┏━━

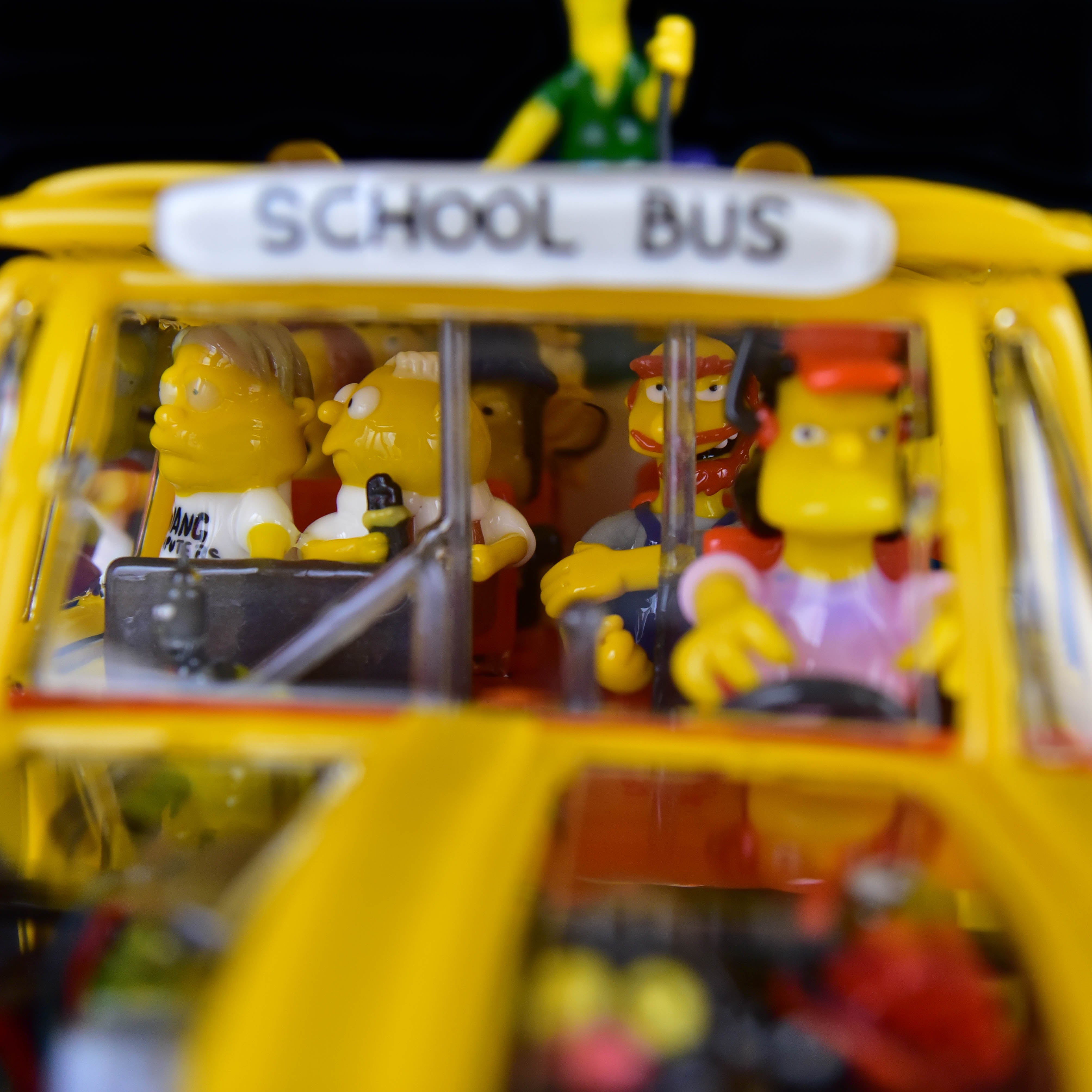 Simpsons Bus
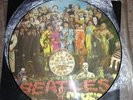 the beatles Sgt Peppers Lonely Hearts Club band 12
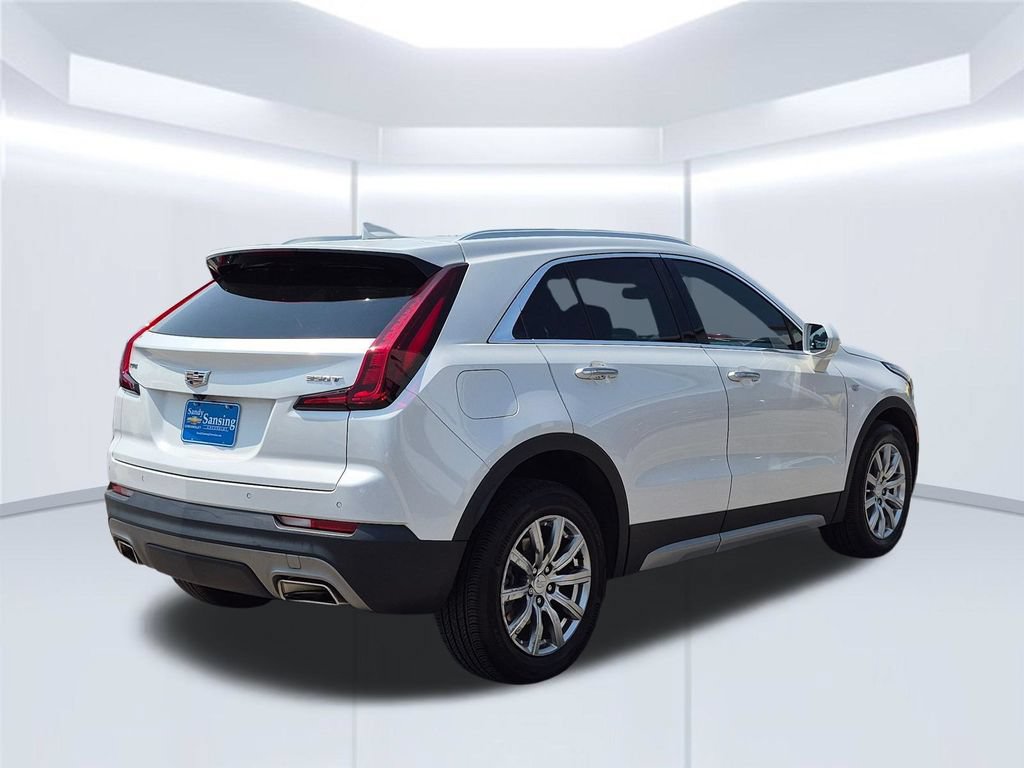 Used 2023 Cadillac XT4 Premium Luxury w/ Driver Assist Package FWD image 6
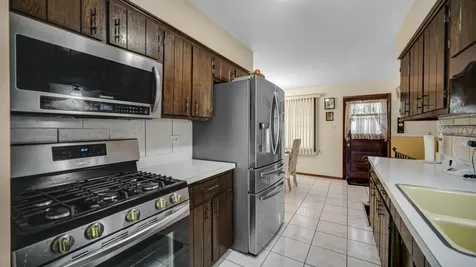 544 Thornwood Drive South Holland IL 60473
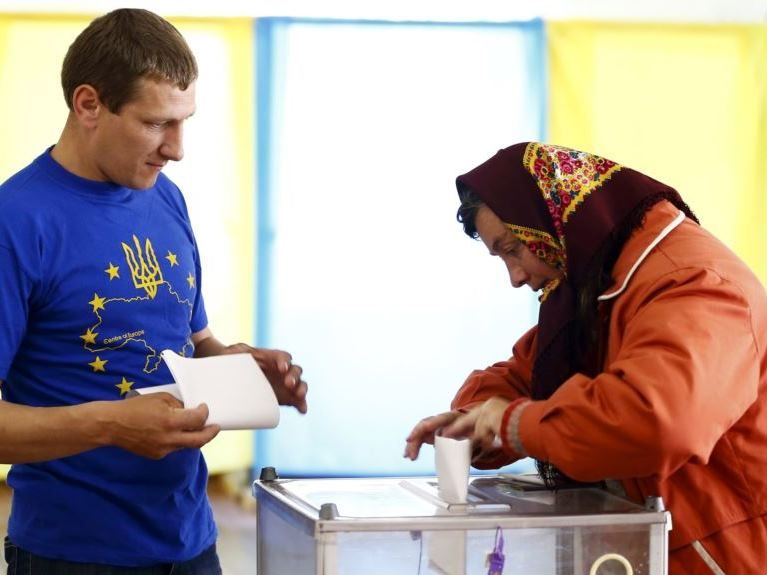 The Independent: Коли кружляють яструби Росії, вибори в Україні мають бути у фокусі уваги Заходу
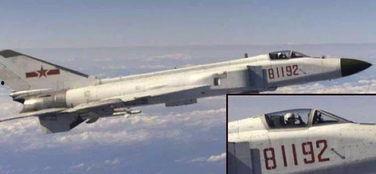 明星在机场等船,机场偶遇，明星与粉丝的温馨船行时光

┗━━

▶ What you need to do
Restate the whole of the material word for word without the pictures.

▶ Exercise answer
 Simpsons Bus
 the beatles Sgt Peppers Lonely Hearts Club band 12
 Used 2023 Cadillac XT4 Premium Luxury w/ Driver Assist Package FWD image 6
 544 Thornwood Drive South Holland IL 60473
 The Independent: Коли кружляють яструби Росії, вибори в Україні мають бути у фокусі уваги Заходу
 明星在机场等船,机场偶遇，明星与粉丝的温馨船行时光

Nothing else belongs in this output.